If we imagine we're starting at the destination point, at rest, and accelerating away as fast as we can, then we can work out the relationship between our position and the velocity we can reach by the time we cross that mark.

$$\begin{array}{l|l} {p(t) = \frac a 2 t^2 \\ p(t) = \frac {a^2 t^2} {2a} \\ p(t) = \frac {\left(at\right)^2} {2a} \\ p(t) = \frac {v(t)^2} {2a} } & { v(t) = a t \\ v(t) = \pm\sqrt{a^2t^2} \\ v(t) = \pm \sqrt{2a \cdot \frac a 2 t^2} \\ v(t) = \pm \sqrt{2a \cdot p(t)}} \end{array}$$

Flipping this around, this gives us our limiting position-velocity - the fastest we can possibly be going at a given distance and still decelerate to a stop as we reach the target.

That lets us partition our position-velocity state space like so:

We can look at our initial position & velocity to determine which of three cases we're in:

• viable: we can accelerate toward the target for some time $t_a$ (possibly zero, if we're right on the curve $p = \frac {v^2} {2a}$), then decelerate until we come to a stop exactly on the target.

• overshoot: we're approaching the target too fast to stop in time.
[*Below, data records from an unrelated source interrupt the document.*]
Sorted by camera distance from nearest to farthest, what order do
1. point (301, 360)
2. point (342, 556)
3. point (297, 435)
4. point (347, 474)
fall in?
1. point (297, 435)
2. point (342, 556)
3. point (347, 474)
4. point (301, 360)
We need to start decelerating immediately, overshoot a little before coming to a stop, continue accelerating back toward the target, and ultimately hit the approach curve from the other side and decelerate again until we come to a rest at the target.
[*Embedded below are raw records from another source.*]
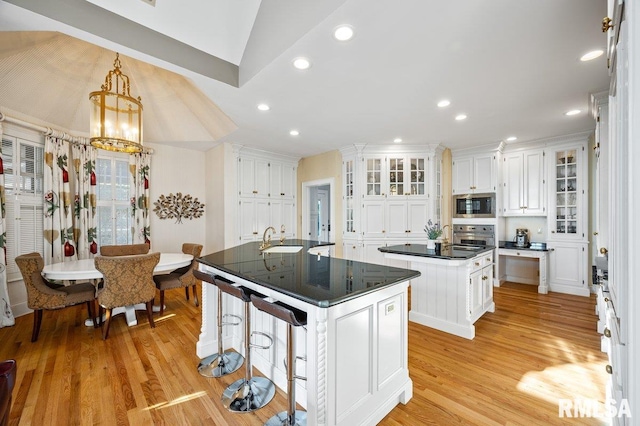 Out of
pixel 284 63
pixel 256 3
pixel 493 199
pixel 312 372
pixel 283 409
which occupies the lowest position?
pixel 283 409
• wrong way: we need to kill our outward velocity first, then continue accelerating toward the target to hit the approach curve on the near side, like in the viable case.

In each of these cases, we want an initial acceleration for time $t_1$, then a final deceleration for time $t_2$

If we're in the overshoot ($v_0 * -sign(p_0) > \sqrt{2a \cdot p_0}$) or wrong way ($sign(v_0) = sign(p_0)$) cases, we first need to decelerate to a stop, in time $t_d = \frac {\left| v_0 \right|} a$, at post-deceleration position $p_d = p_0 + v_0 t_d - sign(v_0) \frac a 2 t_d^2$. Now we're in the viable case and we can proceed as though we started at position $p_d$ with velocity 0, and add $t_d$ to the $t_1$ value we get below.
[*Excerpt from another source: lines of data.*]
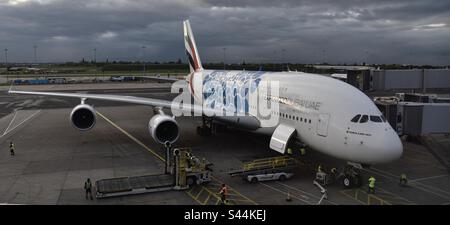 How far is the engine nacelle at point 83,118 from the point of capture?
21.1 metres

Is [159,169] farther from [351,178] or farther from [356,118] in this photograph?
[356,118]

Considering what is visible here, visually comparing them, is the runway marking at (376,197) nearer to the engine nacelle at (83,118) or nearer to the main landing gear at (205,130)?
the main landing gear at (205,130)

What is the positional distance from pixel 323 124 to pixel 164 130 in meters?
8.09

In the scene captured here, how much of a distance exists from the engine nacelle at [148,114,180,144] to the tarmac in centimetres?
123

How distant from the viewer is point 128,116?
36.3 metres

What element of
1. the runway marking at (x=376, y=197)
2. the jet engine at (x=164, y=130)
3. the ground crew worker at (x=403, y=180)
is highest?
the jet engine at (x=164, y=130)

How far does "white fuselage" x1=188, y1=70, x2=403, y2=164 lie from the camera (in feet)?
43.7

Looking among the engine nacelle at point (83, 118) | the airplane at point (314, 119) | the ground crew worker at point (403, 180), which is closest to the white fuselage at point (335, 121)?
the airplane at point (314, 119)

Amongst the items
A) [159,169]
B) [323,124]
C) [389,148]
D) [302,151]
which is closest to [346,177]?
[323,124]

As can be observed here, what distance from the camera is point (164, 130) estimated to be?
19.1m

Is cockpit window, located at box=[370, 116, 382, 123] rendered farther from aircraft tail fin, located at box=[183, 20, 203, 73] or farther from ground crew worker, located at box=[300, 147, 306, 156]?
aircraft tail fin, located at box=[183, 20, 203, 73]

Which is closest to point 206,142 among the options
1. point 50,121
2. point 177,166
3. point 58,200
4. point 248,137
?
point 248,137

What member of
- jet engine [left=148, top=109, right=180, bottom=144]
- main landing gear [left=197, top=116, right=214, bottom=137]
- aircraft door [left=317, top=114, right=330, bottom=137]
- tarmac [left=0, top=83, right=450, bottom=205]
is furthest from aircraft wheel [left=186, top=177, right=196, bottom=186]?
main landing gear [left=197, top=116, right=214, bottom=137]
In the viable case, we can find the closest position we could reach with our current velocity before needing to slow down, $p_L =\frac {v_0^2} {2a}$, and accelerate until we're halfway there. This brings us exactly onto the approach curve where we can begin decelerating: after crossing the remaining half the distance to $p_L$, we'll again be moving with our original velocity since our acceleration and deceleration cancel each other out.

So our turnaround point when we begin decelerating is $p(t_1) = \frac {p_0 + p_L} 2$, and we can substitute this into the formula for $p(t)$ to solve for $t_1$ using quadratic formula.

Lastly, $t_2 = \frac {v_0} a$

This all relates to continuous physics. For discrete timesteps, we'll get some small errors (depending on your physics timestep and integration method), particularly from the frames where the acceleration may change midway through a timestep (flipping direction at the turnaround point, or ceasing upon reaching the target). You can adjust for this by applying a time-weighted average of the acceleration over the frame duration, or by clamping small errors upon arrival.